Timeout occurred after 347 mins, last suite running was parallel-scale-nfsv4, restarting cluster to continue tests

2.10.2 RC1 EL7.4 zfs
MDS crash

[13488.166260] Lustre: DEBUG MARKER: dmesg
[13488.563678] Lustre: DEBUG MARKER: /usr/sbin/lctl mark == parallel-scale-nfsv4 test metabench: metabench ==================================================== 09:11:38 \(1511946698\)
[13488.724793] Lustre: DEBUG MARKER: == parallel-scale-nfsv4 test metabench: metabench ==================================================== 09:11:38 (1511946698)
[13641.720773] LustreError: 1187:0:(lod_qos.c:1624:lod_alloc_qos()) ASSERTION( nfound <= inuse->op_count ) failed: nfound:3, op_count:0
[13641.721991] LustreError: 1187:0:(lod_qos.c:1624:lod_alloc_qos()) LBUG
[13641.722604] Pid: 1187, comm: mdt00_011
[13641.722980] 
[13641.722980] Call Trace:
[13641.723386]  [<ffffffffc05c27ae>] libcfs_call_trace+0x4e/0x60 [libcfs]

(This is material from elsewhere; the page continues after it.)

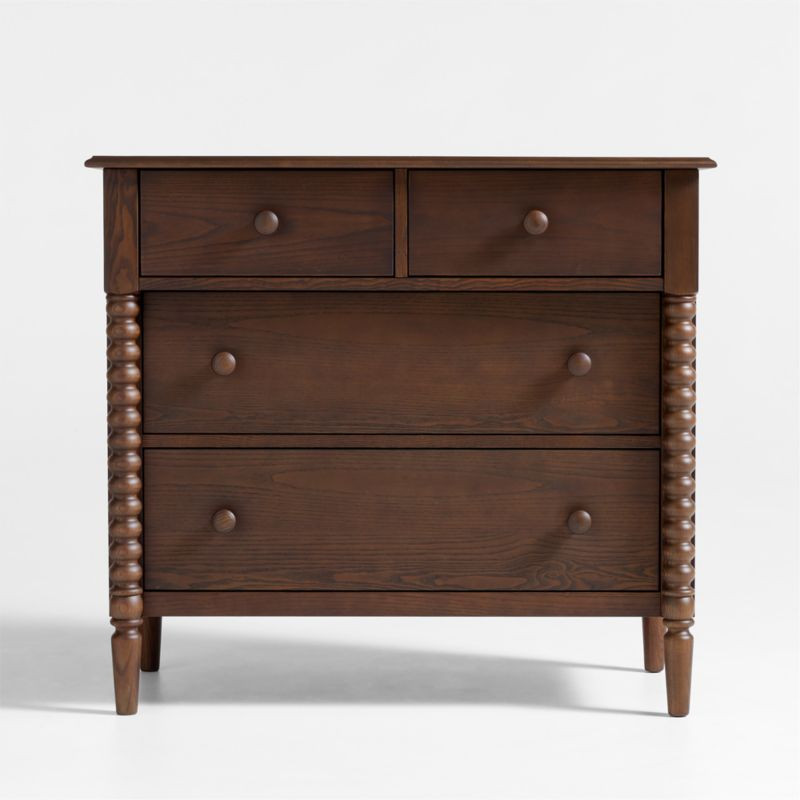 Jenny Lind Deep Brown Wood Narrow 4-Drawer Kids Dresser + Reviews | Crate & Kids | Crate & Barrel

[13641.724029]  [<ffffffffc05c283c>] lbug_with_loc+0x4c/0xb0 [libcfs]
[13641.724636]  [<ffffffffc125c342>] lod_alloc_qos.constprop.17+0x1582/0x1590 [lod]

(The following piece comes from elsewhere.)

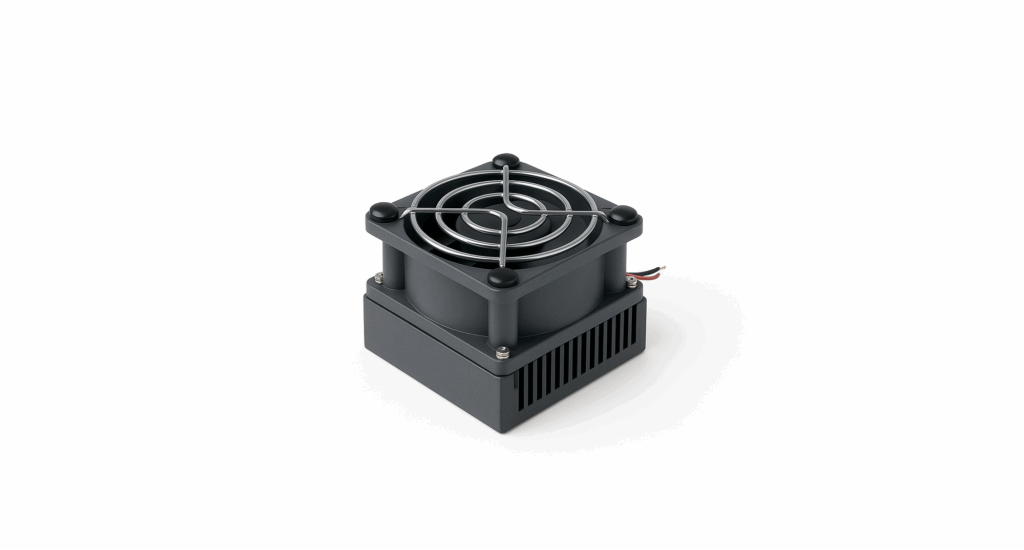 A black electronic cooling fan with a metal protective grill and visible wiring, mounted on a square heatsink—essential for those wondering what is heat sink technology—set against a white background.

[13641.725507]  [<ffffffffc125efe1>] lod_qos_prep_create+0x1291/0x17f0 [lod]
[13641.726161]  [<ffffffffc062c4b6>] ? nvlist_lookup_byte_array+0x26/0x30 [znvpair]
[13641.726921]  [<ffffffffc0fd1cc9>] ? __osd_xattr_get+0xa9/0x210 [osd_zfs]
[13641.727558]  [<ffffffffc0fd0007>] ? osd_fid_lookup+0x47/0x3a0 [osd_zfs]
[13641.728196]  [<ffffffffc125fab8>] lod_prepare_create+0x298/0x3f0 [lod]
[13641.728900]  [<ffffffffc125463e>] lod_declare_striped_create+0x1ee/0x970 [lod]
[13641.729620]  [<ffffffffc077dbc5>] ? sa_object_size+0x15/0x20 [zfs]
[13641.730220]  [<ffffffffc12583d1>] lod_declare_xattr_set+0x221/0xe40 [lod]
[13641.730953]  [<ffffffffc12b2d97>] mdd_create_data+0x487/0x720 [mdd]
[13641.731568]  [<ffffffffc1186f8a>] mdt_mfd_open+0xc5a/0xe70 [mdt]
[13641.732152]  [<ffffffffc118771b>] mdt_finish_open+0x57b/0x690 [mdt]
[13641.732832]  [<ffffffffc1188fcc>] mdt_reint_open+0x179c/0x31a0 [mdt]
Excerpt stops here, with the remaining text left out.